*** Provided records Section Begins ***

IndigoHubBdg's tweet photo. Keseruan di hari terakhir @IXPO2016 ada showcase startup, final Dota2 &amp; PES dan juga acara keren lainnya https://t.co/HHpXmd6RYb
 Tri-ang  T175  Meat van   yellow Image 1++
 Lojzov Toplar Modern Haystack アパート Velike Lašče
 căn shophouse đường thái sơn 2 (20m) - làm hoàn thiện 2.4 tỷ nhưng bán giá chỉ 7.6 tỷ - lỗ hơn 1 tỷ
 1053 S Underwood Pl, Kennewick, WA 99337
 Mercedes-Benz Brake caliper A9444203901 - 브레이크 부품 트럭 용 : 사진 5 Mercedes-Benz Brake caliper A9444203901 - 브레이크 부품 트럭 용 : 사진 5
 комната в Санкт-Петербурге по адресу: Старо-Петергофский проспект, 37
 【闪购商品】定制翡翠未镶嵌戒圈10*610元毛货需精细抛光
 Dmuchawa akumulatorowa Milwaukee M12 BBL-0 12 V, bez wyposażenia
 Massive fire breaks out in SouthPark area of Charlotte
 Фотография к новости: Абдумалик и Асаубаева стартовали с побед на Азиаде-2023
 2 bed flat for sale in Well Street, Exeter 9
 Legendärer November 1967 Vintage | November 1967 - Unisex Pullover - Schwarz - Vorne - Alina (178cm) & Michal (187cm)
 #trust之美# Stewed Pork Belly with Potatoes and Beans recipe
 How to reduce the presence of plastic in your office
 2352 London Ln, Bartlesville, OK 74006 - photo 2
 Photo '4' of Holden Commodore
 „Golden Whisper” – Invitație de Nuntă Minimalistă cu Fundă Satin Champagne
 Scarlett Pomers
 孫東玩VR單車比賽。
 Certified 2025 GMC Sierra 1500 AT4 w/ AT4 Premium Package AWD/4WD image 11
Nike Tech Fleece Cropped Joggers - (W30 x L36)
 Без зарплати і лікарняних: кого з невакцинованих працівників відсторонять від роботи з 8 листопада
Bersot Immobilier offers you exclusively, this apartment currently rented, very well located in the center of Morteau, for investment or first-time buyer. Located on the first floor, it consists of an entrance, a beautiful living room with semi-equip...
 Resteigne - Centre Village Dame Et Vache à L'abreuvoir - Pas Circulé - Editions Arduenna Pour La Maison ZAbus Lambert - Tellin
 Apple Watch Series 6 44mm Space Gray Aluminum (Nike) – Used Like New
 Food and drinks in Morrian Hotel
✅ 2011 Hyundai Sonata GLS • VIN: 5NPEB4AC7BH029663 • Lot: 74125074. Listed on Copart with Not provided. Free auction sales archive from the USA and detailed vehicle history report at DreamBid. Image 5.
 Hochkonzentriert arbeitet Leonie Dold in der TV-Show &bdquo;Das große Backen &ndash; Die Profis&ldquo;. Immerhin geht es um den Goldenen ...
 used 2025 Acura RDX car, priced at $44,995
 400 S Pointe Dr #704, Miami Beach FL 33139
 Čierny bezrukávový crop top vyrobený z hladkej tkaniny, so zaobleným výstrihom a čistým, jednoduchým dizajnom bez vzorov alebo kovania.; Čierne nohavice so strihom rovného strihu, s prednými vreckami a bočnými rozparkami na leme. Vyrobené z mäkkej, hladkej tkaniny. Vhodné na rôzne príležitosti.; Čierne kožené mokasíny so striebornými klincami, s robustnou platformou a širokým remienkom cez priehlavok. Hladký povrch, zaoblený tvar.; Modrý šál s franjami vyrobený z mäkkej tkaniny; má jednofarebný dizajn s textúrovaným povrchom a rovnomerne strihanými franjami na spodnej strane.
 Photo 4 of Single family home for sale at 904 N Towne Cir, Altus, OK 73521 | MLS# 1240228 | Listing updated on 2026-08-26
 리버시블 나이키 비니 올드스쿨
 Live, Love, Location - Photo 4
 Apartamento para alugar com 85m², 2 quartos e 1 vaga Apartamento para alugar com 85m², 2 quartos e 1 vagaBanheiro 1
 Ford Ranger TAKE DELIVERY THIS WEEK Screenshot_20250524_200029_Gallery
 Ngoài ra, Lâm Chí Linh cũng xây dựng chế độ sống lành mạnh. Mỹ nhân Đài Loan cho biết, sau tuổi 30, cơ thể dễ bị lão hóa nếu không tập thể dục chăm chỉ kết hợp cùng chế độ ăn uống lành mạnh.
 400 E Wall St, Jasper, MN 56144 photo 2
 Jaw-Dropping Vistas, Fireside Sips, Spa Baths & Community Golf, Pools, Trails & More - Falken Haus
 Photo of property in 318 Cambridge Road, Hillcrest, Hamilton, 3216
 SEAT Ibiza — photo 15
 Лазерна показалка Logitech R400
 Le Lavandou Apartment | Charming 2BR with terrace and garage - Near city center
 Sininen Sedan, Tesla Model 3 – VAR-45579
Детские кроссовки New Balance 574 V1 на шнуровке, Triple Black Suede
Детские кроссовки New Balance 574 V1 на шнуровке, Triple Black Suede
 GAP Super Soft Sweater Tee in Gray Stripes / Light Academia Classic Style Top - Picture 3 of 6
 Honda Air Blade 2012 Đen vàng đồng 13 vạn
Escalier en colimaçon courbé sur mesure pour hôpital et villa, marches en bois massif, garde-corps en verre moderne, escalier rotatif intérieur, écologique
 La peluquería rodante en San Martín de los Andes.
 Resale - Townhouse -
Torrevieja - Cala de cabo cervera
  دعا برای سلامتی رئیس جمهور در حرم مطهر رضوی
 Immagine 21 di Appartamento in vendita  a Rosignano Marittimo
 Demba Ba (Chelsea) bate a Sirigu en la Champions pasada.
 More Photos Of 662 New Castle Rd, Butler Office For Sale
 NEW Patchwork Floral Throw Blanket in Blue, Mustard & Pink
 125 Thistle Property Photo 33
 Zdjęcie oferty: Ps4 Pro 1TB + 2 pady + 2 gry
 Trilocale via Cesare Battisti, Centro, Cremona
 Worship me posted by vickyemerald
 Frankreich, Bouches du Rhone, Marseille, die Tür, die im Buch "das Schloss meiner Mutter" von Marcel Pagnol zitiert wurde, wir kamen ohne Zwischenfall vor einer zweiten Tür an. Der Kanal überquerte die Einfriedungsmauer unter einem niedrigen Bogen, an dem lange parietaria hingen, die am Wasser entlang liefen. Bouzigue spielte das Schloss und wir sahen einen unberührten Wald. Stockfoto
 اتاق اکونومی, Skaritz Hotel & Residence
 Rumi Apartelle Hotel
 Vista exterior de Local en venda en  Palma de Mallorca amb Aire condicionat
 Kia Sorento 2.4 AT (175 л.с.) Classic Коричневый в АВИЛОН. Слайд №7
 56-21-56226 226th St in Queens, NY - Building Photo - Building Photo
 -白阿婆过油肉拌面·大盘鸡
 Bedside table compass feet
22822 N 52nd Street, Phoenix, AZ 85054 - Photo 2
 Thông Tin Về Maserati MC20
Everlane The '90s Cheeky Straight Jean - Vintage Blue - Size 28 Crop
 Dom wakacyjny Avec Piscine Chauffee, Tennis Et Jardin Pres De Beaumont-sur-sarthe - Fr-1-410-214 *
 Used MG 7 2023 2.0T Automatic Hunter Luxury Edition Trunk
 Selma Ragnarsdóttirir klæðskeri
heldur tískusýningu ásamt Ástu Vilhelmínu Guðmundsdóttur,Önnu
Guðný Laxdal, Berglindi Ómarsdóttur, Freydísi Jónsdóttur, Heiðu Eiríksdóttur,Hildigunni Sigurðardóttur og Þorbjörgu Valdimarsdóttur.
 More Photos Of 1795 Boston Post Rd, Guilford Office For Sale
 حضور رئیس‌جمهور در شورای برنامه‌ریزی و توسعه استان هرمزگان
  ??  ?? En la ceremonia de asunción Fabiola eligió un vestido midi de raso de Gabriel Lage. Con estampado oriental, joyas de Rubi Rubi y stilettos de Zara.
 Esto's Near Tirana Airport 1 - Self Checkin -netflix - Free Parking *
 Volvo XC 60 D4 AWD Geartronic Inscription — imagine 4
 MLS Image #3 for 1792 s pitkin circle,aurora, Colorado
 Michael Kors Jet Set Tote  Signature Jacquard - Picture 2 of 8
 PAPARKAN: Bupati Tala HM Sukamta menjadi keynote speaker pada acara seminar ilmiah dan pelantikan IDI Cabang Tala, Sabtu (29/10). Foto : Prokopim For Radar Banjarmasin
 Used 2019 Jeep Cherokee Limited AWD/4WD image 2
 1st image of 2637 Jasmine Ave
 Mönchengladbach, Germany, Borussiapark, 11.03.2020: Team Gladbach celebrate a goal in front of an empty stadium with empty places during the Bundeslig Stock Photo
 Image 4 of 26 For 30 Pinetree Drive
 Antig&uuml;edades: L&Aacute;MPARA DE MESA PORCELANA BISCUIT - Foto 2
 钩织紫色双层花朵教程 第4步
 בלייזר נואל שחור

*** Provided records Section Ends ***

Task to complete
Within the listing above, the range opens at the line with "2 bed flat for sale in Well Street, Exeter 9" and closes at the line with "Hochkonzentriert arbeitet Leonie". Reproduce exactly the lines of that range, including both ends.

Output of the exercise
 2 bed flat for sale in Well Street, Exeter 9
 Legendärer November 1967 Vintage | November 1967 - Unisex Pullover - Schwarz - Vorne - Alina (178cm) & Michal (187cm)
 #trust之美# Stewed Pork Belly with Potatoes and Beans recipe
 How to reduce the presence of plastic in your office
 2352 London Ln, Bartlesville, OK 74006 - photo 2
 Photo '4' of Holden Commodore
 „Golden Whisper” – Invitație de Nuntă Minimalistă cu Fundă Satin Champagne
 Scarlett Pomers
 孫東玩VR單車比賽。
 Certified 2025 GMC Sierra 1500 AT4 w/ AT4 Premium Package AWD/4WD image 11
Nike Tech Fleece Cropped Joggers - (W30 x L36)
 Без зарплати і лікарняних: кого з невакцинованих працівників відсторонять від роботи з 8 листопада
Bersot Immobilier offers you exclusively, this apartment currently rented, very well located in the center of Morteau, for investment or first-time buyer. Located on the first floor, it consists of an entrance, a beautiful living room with semi-equip...
 Resteigne - Centre Village Dame Et Vache à L'abreuvoir - Pas Circulé - Editions Arduenna Pour La Maison ZAbus Lambert - Tellin
 Apple Watch Series 6 44mm Space Gray Aluminum (Nike) – Used Like New
 Food and drinks in Morrian Hotel
✅ 2011 Hyundai Sonata GLS • VIN: 5NPEB4AC7BH029663 • Lot: 74125074. Listed on Copart with Not provided. Free auction sales archive from the USA and detailed vehicle history report at DreamBid. Image 5.
 Hochkonzentriert arbeitet Leonie Dold in der TV-Show &bdquo;Das große Backen &ndash; Die Profis&ldquo;. Immerhin geht es um den Goldenen ...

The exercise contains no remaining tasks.